So this study intended to compare different nitrogenases to find out how much hydrogen they produced. It was done with Rhodobacter capsulatus, not Azotobacter, but the enzymes are similar. R. capsulatus is a type of phototrophic bacterium that possesses the primary Mo nitrogenase and also the iron-only alternative, as well as an uptake hydrogenase.
In order to get around the confounding effects of an uptake hydrogenase, which would significantly reduce the amount of measurable hydrogen given off by all nitrogenases, the scientists used a hydrogenase-negative strain they had generated using a transposon (jumping gene). Besides this strain and its parent, they had a strain with the Mo nitrogenase and Mo transport genes deleted (so it could use only the iron nitrogenase), and a hydrogenase-negative mutant of this strain.
The strains were each grown in broth and then exposed to an atmosphere of argon or nitrogen, sometimes mixed with acetylene or oxygen. The purpose of argon is that, when the nitrogenase enzyme lacks any other substrate (nitrogen, acetylene, etc), it will still work but just devote all its protons and electrons to producing hydrogen gas, producing a lot more than in any other condition. Adding acetylene measured the enzyme activity converting acetylene to ethylene (and a little ethane too, in the case of the iron nitrogenase), and adding oxygen measured its effect on the enzymes. Then after some time for the reaction to occur, concentrations of ethylene, ethane, and hydrogen in the headspace were measured.

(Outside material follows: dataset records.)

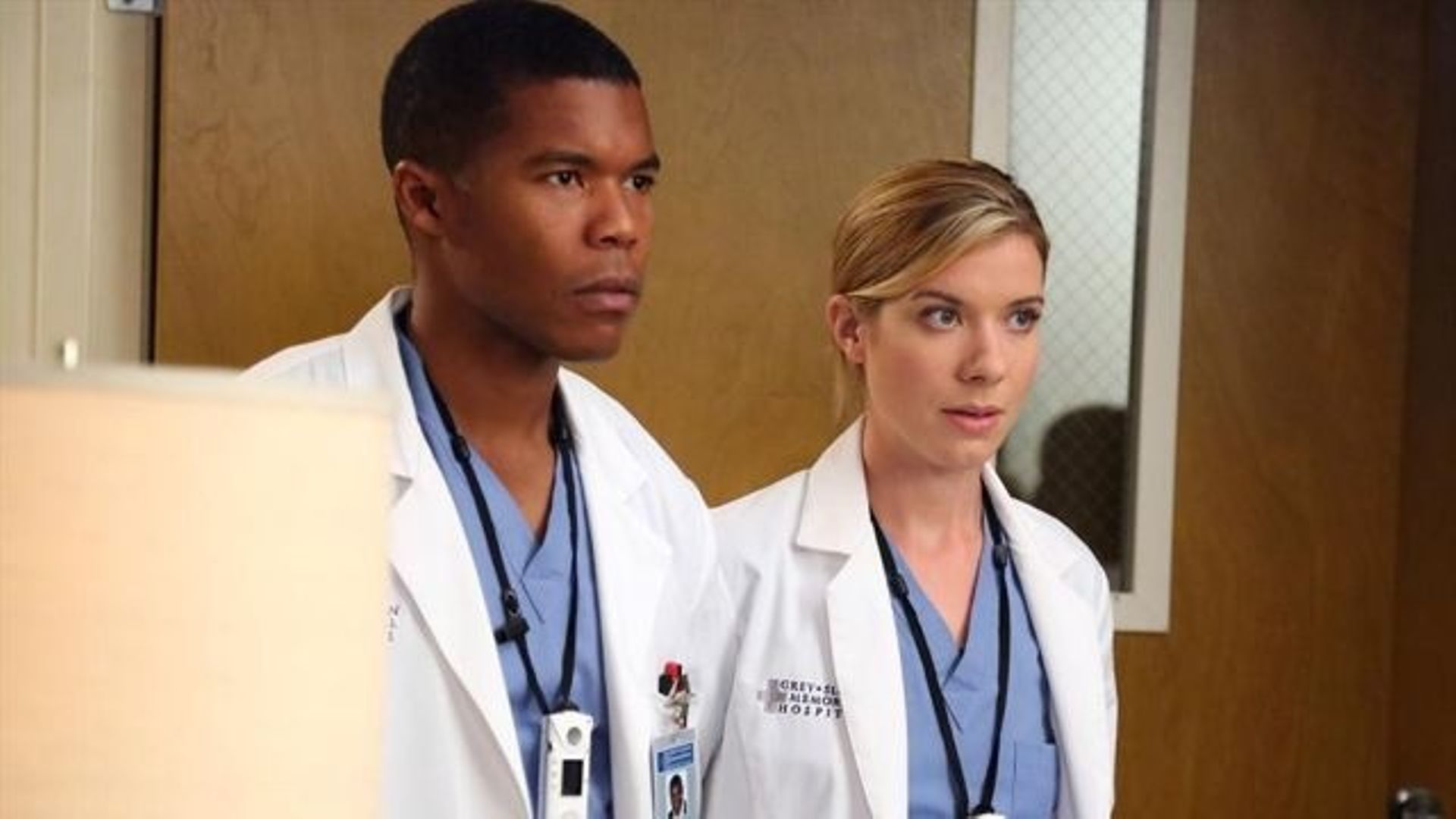 Les médecins Shane Ross (Gaius Charles, à gauche) et Leah Murphy (Tessa Ferrer) quitteront "Grey's Anatomy" en mai prochain, à la fin de la dixième saison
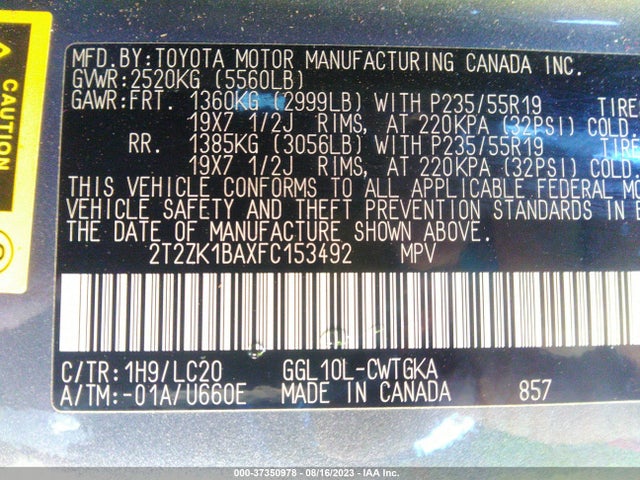 2T2ZK1BAXFC153492 Lexus RX 350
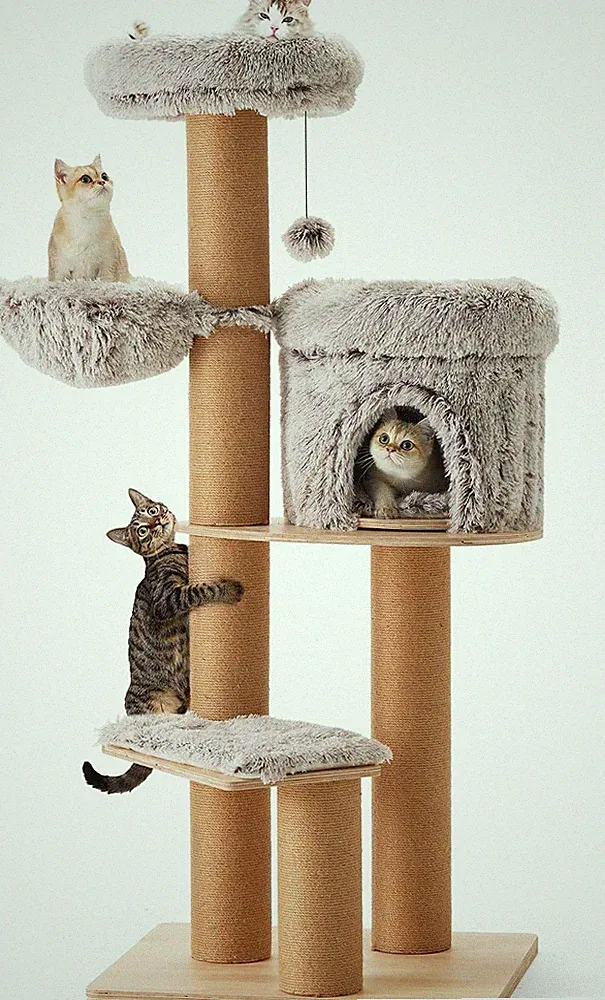 FUKUMARU Kratzbaum Für Katzen,155Cm Katzenbaum Mit Sechs 20 Cm Dicken Kratzsäule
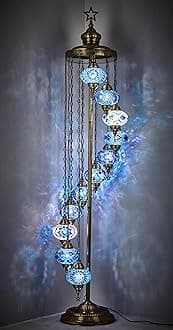 11 Globe Turkish Moroccan Mosaic Floor Lamp – 210 cm Tall Tiffany Style Standing Boho Lamp for Living Room, Bedroom & Entryway – Handmade in Turkey, Blues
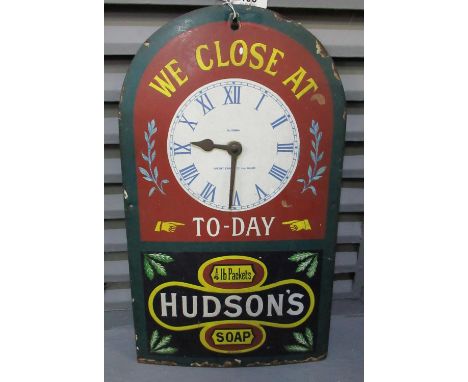 Vintage enamel sign 'We Close at To-Day, 1/4 lb packets, Hudson's Soap'. 46 x 27cm approx. (B.P. 21% + VAT) It is grubby. Wea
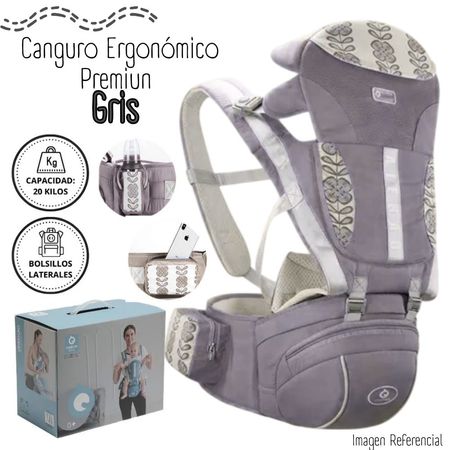 CANGURO ERGONÓMICO PREMIUN PARA BEBÉ - GRIS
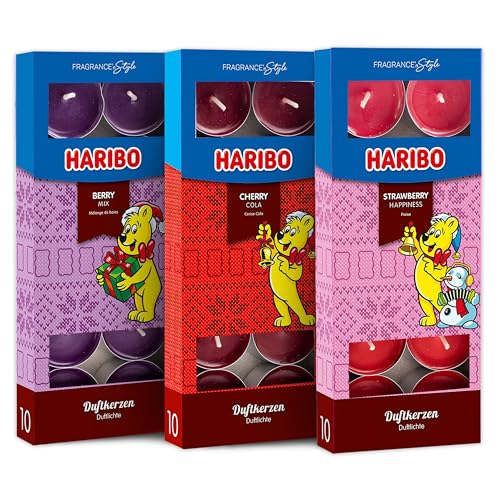 Haribo 3er-Set Duftteelichter Winter Edition - Berry Mix, Cherry Cola, Strawberry Happiness - 30 Stück mit 4-6 Stunden Brenndauer im festlichen Winterdesign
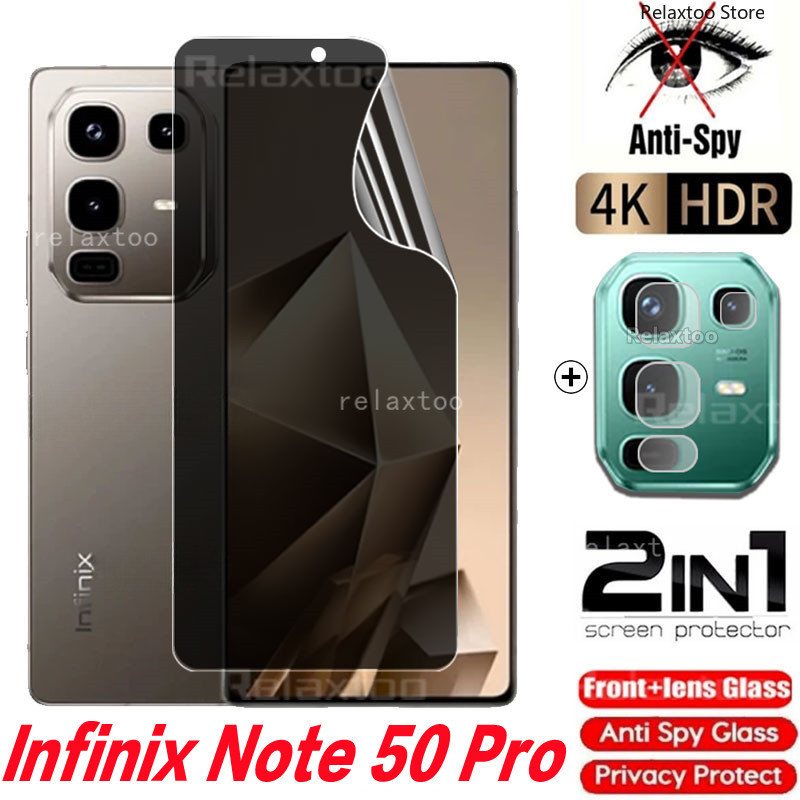 2in1 Privacy Screen Soft Hydrogel Film For Infinix Note50 Note 50 Pro ...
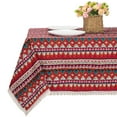 thumbnail image 2 of Bohemian Style Square Tablecloth Cotton Linen Lace Boho Table Cloth for Kitchen Dining Room Tabletop Decoration, 2 of 6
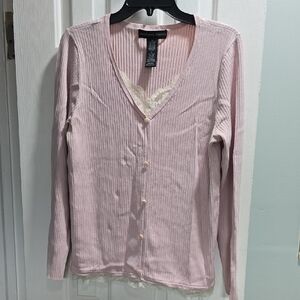 Josephine Chaus Light Pink V-Neck Sweater with Lace Trim Woman's Size L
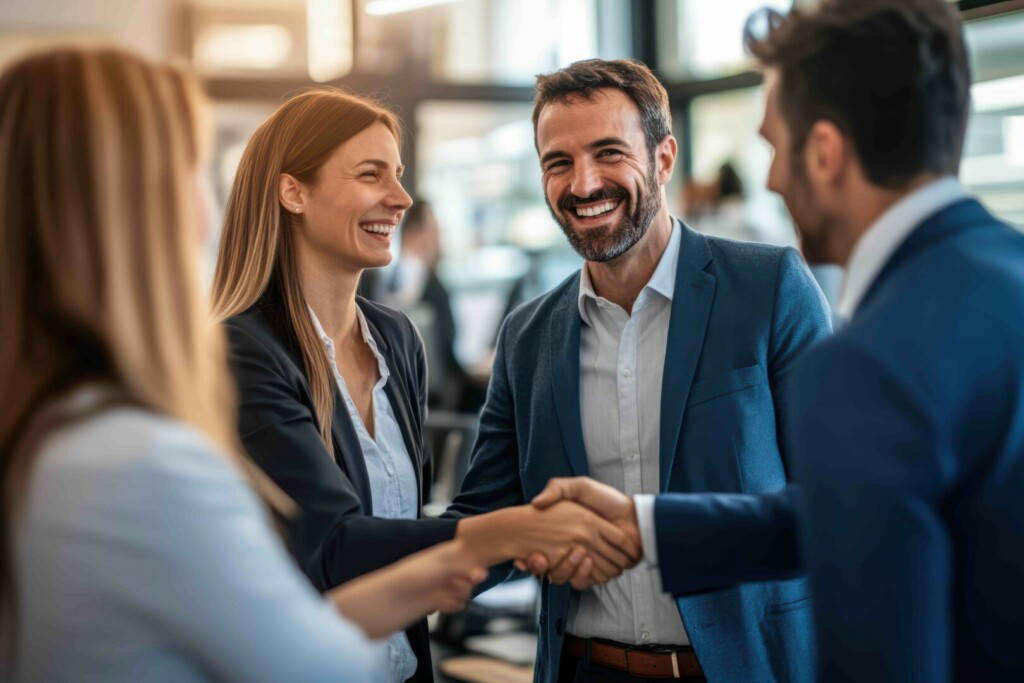 photo : Business professionals meet for the first time at a conference, exchanging smiles and handshakes as they introduce themselves. The environment is welcoming and conducive to networking.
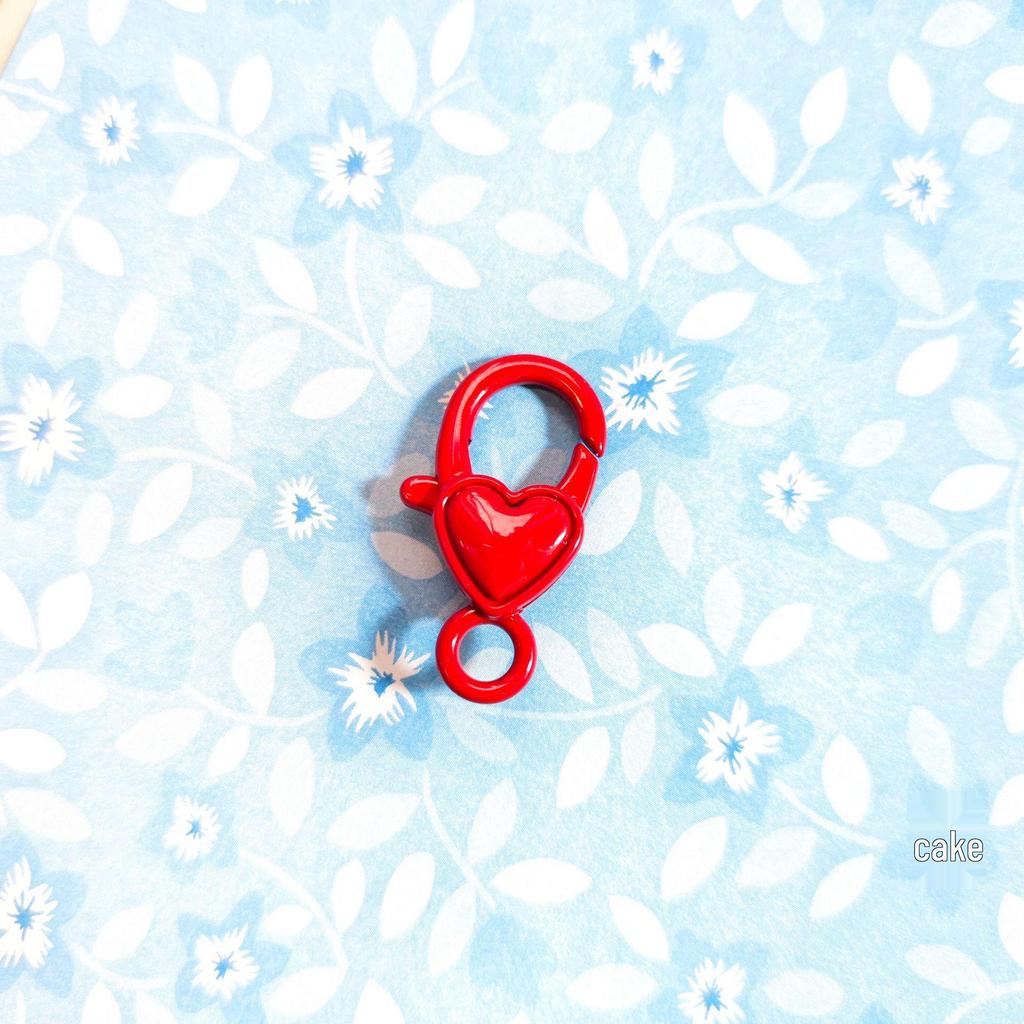 Cute DIY Heart Lobster Clasp Keychain Pendant with Spray Paint Colors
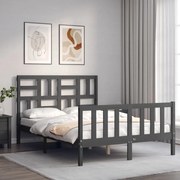 Estrutura de cama com cabeceira 140x190 cm madeira maciça cinza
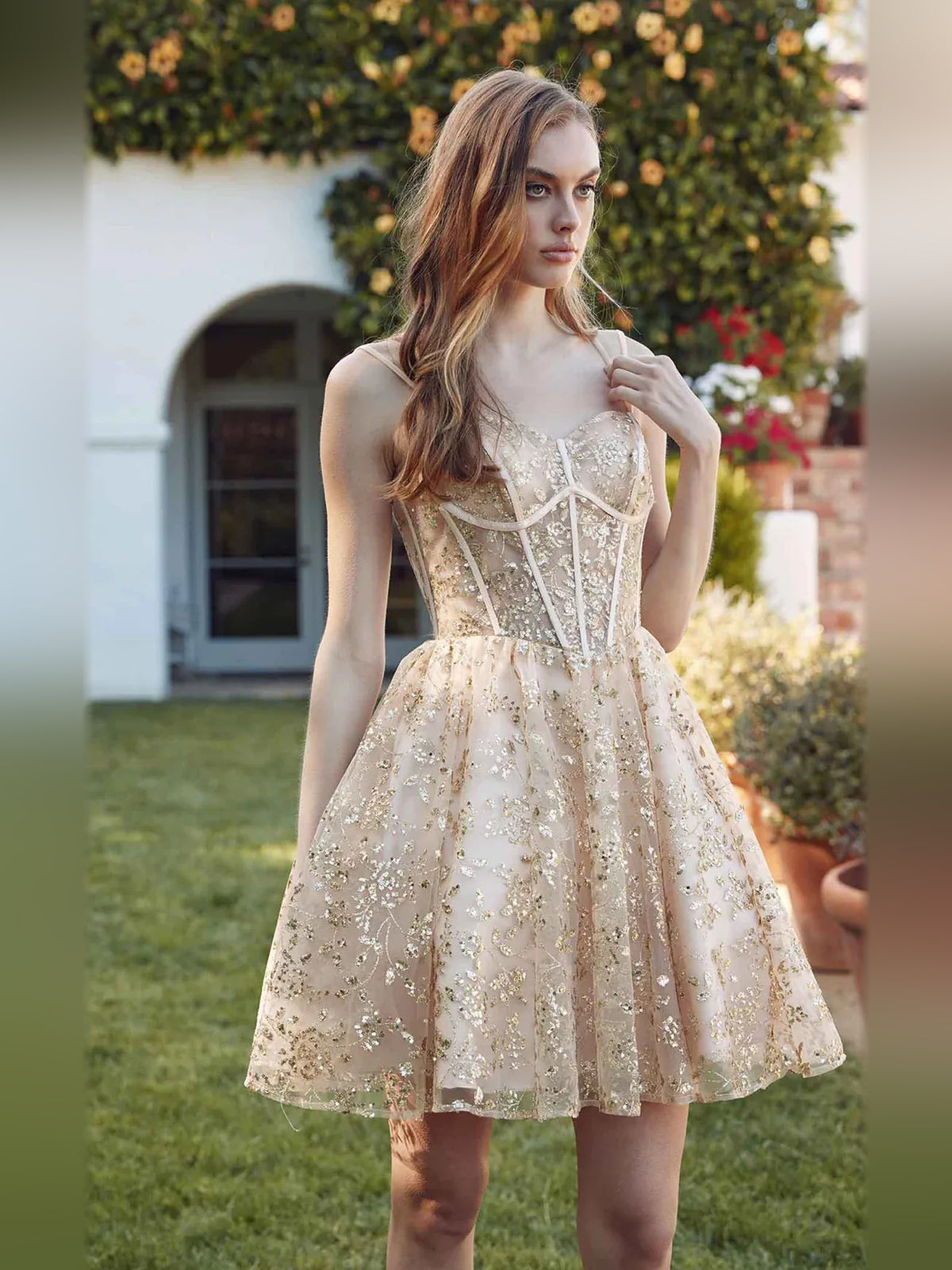 Champagne mini homecoming dress, alternate view showing the bodice and skirt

In an argon atmosphere with nothing else, the hydrogenase-negative Mo nitrogenase strain produced the most hydrogen. In the parent strain that was hydrogenase-positive, the hydrogenase consumed about 1/4 the hydrogen produced. The hydrogenase-negative strain using the iron nitrogenase produced about 1/2 the hydrogen of the top producer, and when present, hydrogenase consumed about 1/2 its hydrogen, resulting in 1/4 the amount of the top producer. So like this:
- nif+ hup-: 100%
- nif+ hup+: 75%
- nif- hup-: 50%
- nif- hup+: 25%
- nif+ hup-: 62%
- nif+ hup+: 5%
- nif- hup-: 100%
- nif- hup+: 3%
So, at least in this species, the iron nitrogenase is 3-4 times less efficient in terms of electrons going to hydrogen, about 11 times slower, and 4 times more sensitive to oxygen than the Mo nitrogenase.
Citation: Krahn, E., Schneider, K. & Müller, A. Comparative characterization of H2 production by the conventional Mo nitrogenase and the alternative ‘iron-only’ nitrogenase of Rhodobacter capsulatus hup- mutants. Appl. Microbiol. Biotechnol. 46, 285–290 (1996).